The crabs-in-a-barrel mindset is real

    I love Black people. Our camaraderie borders on familial. Seeing the “Black village” mentality at work is truly a moving sight. However, the infighting in “the family” can be as unnerving as the harmony is calming. This is especially true when it comes to polarizing Black public figures, and whether or not we should support them.

    Tyler Perry was recently identified by Forbes as the highest paid man in Hollywood. To sum it up simply, this is major. Brad Pitt, Matt Damon, Johnny Depp and any other huge name you can conjure up, all fall in line behind Mr. Madea on the money train…but, don’t expect a parade. 

    Monday, pop culture writer Touré appeared on CNN with Dr. Boyce Watkins.

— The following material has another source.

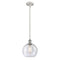 Athens Mini Pendant shown in the White and Polished Chrome finish with a Seedy shade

The men commented on Spike Lee’s earlier statement that much of what is fed to us from Black Hollywood is “coonery buffoonery.” Touré chimed in with calling Tyler’s work “cinematic malt liquor for the masses.” When Boyce credited him with creating jobs, Touré responded, “I want to point out that drug dealers also create jobs, but we’re not giving them credit for creating jobs. Just creating jobs is not enough.” He went on to essentially say that Tyler botches every aspect of every movie he creates. Touré’s appearance in the next Madea installment is doubtful.

    Currently, there is no Black political figure more polarizing than President Barack Obama. Political commentator Tavis Smiley (pictured above) never misses an opportunity to issue carefully worded criticisms toward Obama; for everything from not having a Black agenda, to not inviting Tavis to the White House. Professor Cornel West has been much more direct, and called him a “Black mascot of Wall Street oligarchs and a Black puppet of corporate plutocrats.” In fact, the Congressional Black Caucus feels they have held back on Obama for too long. Rep. Maxine Waters stated the CBC is simply waiting for permission to “unleash” on him.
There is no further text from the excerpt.